**WORK REQUIRED**
Retype the material that follows exactly, limited to the lines from the one with "Drink set used" through the one with "일산위시티자이1단지 주변에 위치한 어침이공원 입니다", and keep out all pictures.

**THE DATA**
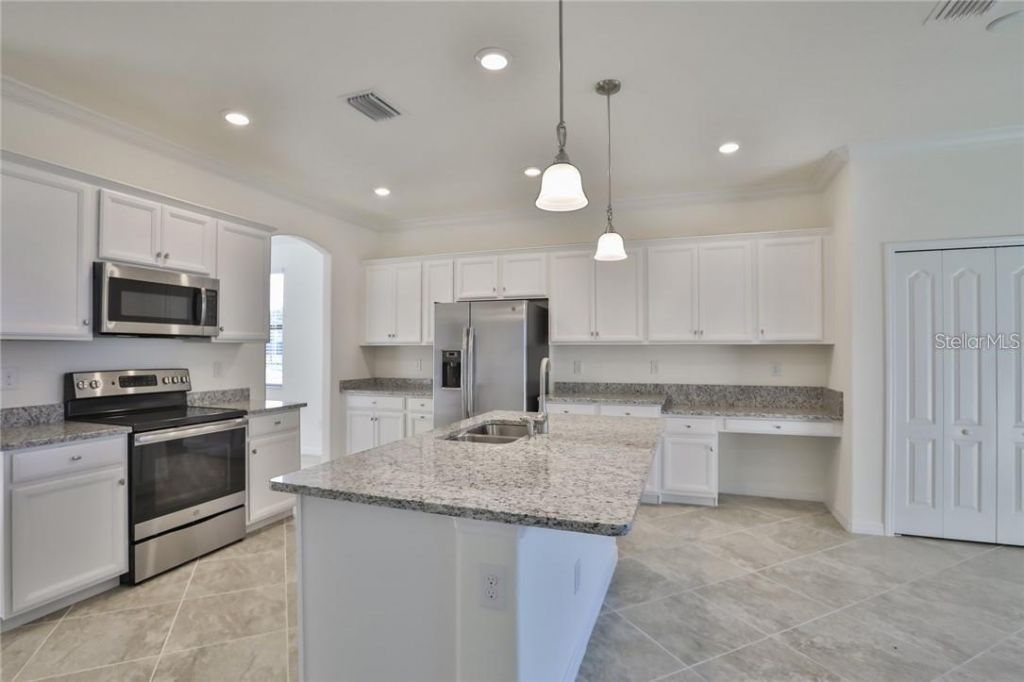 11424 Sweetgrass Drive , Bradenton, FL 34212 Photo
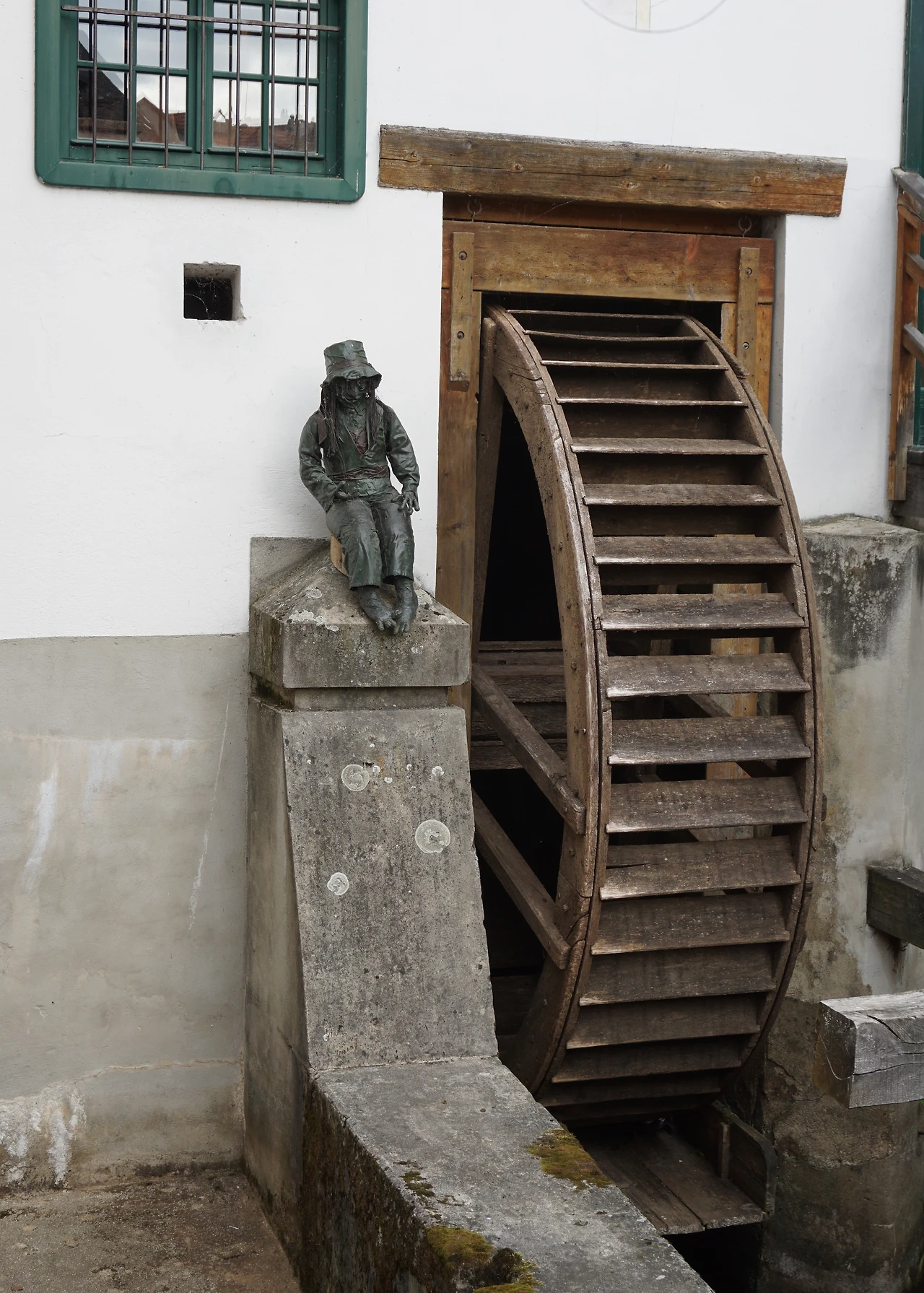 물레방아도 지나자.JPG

==

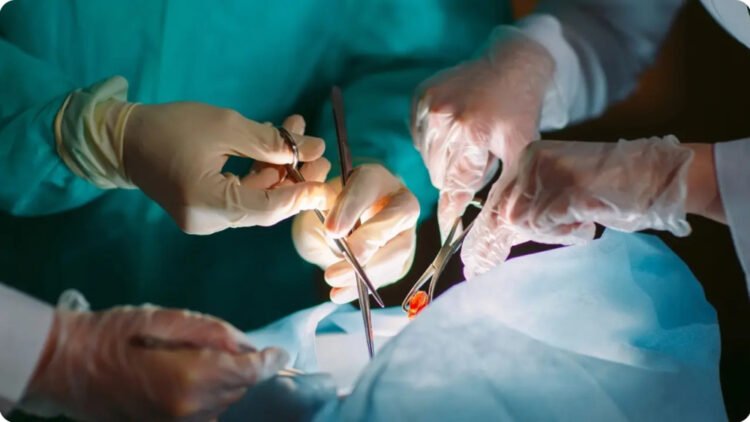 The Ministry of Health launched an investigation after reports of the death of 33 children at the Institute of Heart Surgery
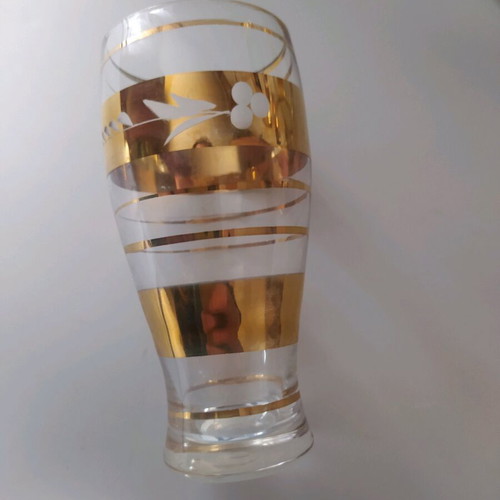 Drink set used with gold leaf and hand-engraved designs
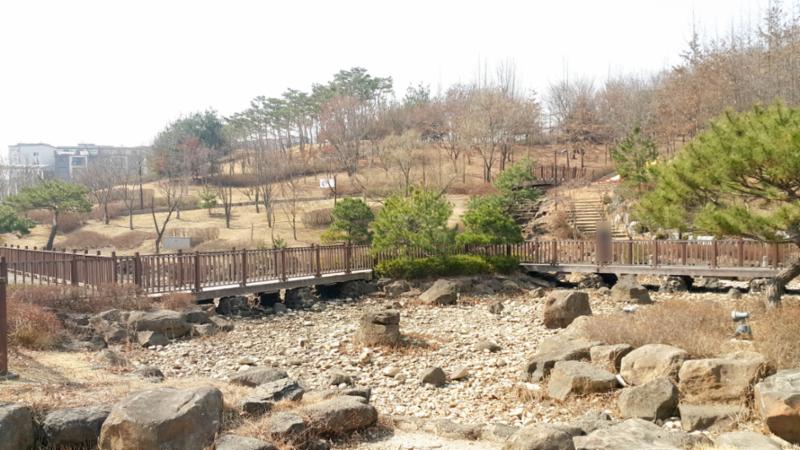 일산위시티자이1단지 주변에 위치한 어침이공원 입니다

**RESPONSE AREA**
 Drink set used with gold leaf and hand-engraved designs
 일산위시티자이1단지 주변에 위치한 어침이공원 입니다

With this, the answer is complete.